Se alejó lentamente, sabía que estaba llegando tarde, pero bueno era la primera vez que vivía un celo tan desesperante, su hermana se había comunicado con el director cada día; por los pasillos veía a los estudiantes preparando el festival de final de verano, había leído algo en los documentos que le habían llevado pero los ignoro, abrió la puerta, casi se le salen los ojos pues no estaba preparado para lo que vio, su novio, ese ser que se avergonzaba con facilidad estaba con un vestido de maid, cabello largo sujeto a lo alto, con un delicado labial, sus mejillas se empezaron a tornar rojas.
—Todoroki kun – sus compañeros se lanzaron a saludarlo, el solo podía asentir – ¿Cómo te sientes?, estábamos muy preocupados por ti.
—Ya mejor, gracias – trataba de mirarlos, pero su rostro estaba en su sensei – también les agradezco por sus mensajes, puedo saber ¿Qué está pasando?
—Bueno – Ochako san lo empezó a empujarlo – nuestro curso hará un café súper elegante, de maid y príncipes, lógicamente tu eres un príncipe.

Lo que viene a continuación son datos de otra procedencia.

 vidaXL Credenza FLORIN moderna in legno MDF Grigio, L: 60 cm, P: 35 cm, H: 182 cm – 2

—Midoriya sensei, fue obligado por Tokoyami sensei a colaborar – hablo Tsuyu con una tierna sonrisa –
—Somos pocas mujeres, así que por su contextura se verá así de lindo – Momo estaba arreglando el vestido, él no lo miraba – yo perfeccioné todos los vestidos, también tendremos ayuda extra en la cocina por parte de Kirishima kun.

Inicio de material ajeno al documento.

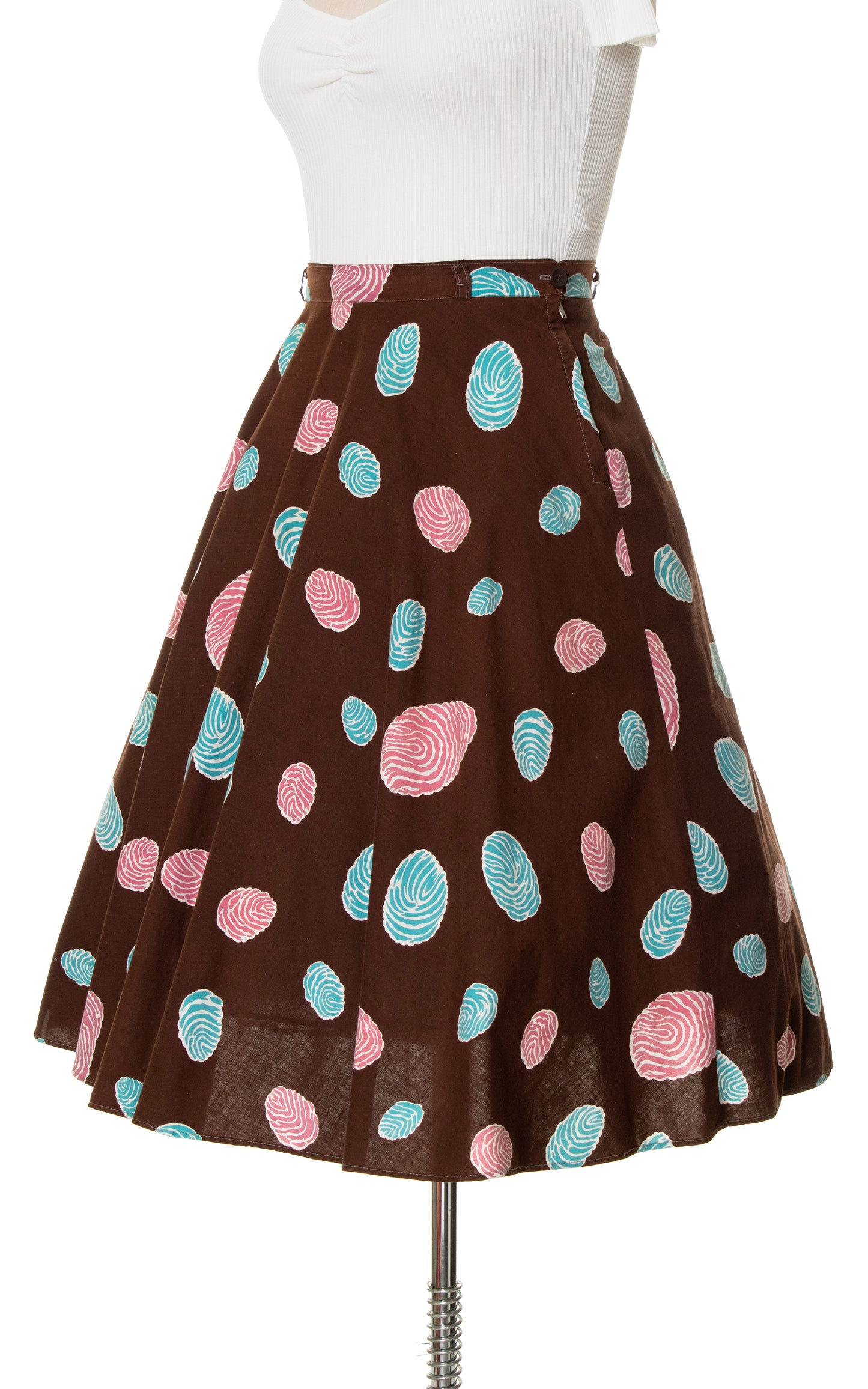 1940s 1950s Fingerprint or Raison Novelty Print Skirt | large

Le quitaron su maleta, le entregaron uno donde estaba guardado su traje, lo llevaron hasta la parte de atrás donde habían dispuesto cortinas para que se cambiaran, uno era azul, el otro rosa, se dirigió hasta el que le correspondía y empezó a cambiarse, al ver a su sensei de esa forma, con esa tierna y avergonzada mirada pensó que su celo volvería; al terminar de cambiarse salió, todos empezaron a aplaudir.

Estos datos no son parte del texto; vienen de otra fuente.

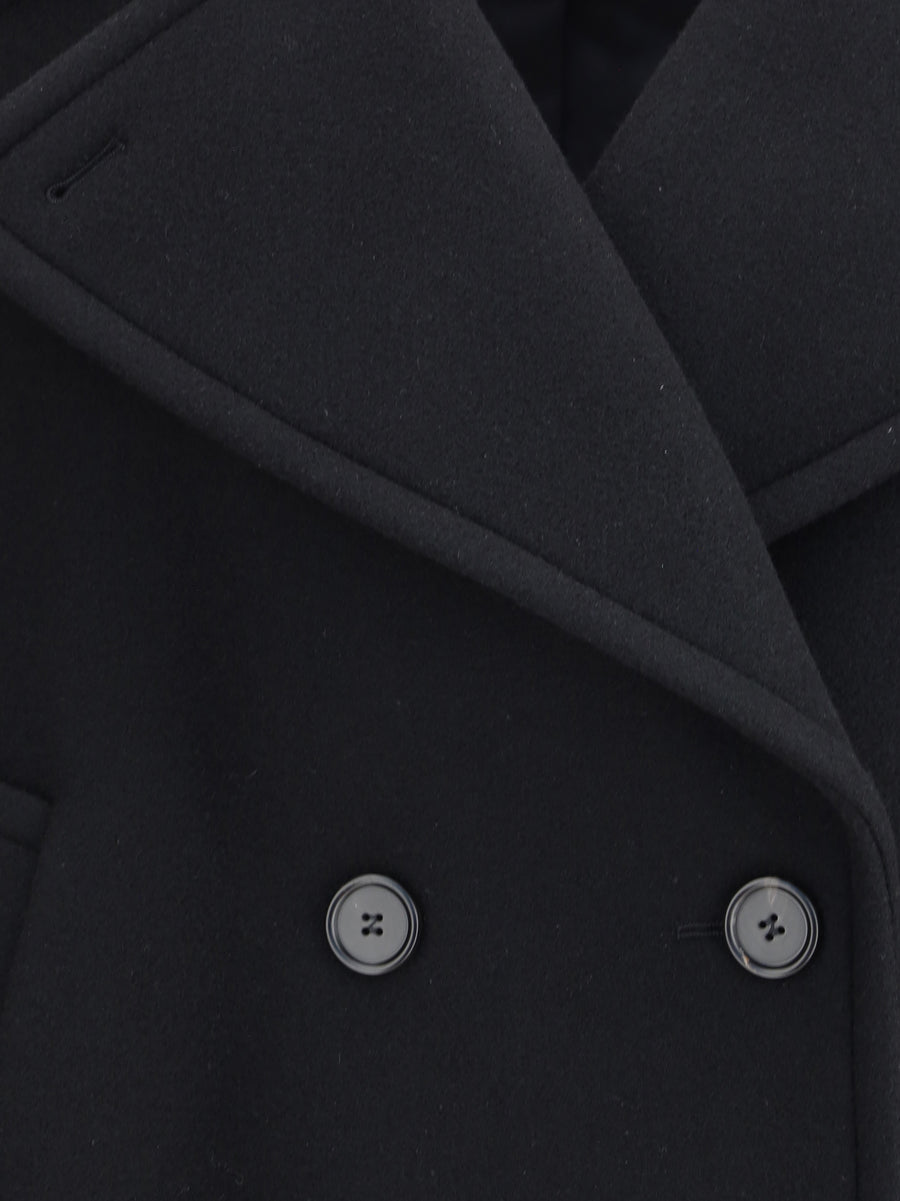 Coat Oversized Short Wool Black (ovis Aries)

—Te ves increíble Todoroki kun – dijo Mineta, los demás aplaudieron – creo que tú y sensei deben ser los que traigan a nuestros clientes.
—¿¡Que!? – todos volvieron el rostro hacia su amado – ¿yo saldré así?, no… no… puedo… me moriré de vergüenza, mi familia planea venir y amigos de la empresa invitados por Eijiro.
—No importa te verás hermoso – Ochako san lo abrazaba, también le arreglaba el cabello – ustedes dos serán nuestros patrocinadores.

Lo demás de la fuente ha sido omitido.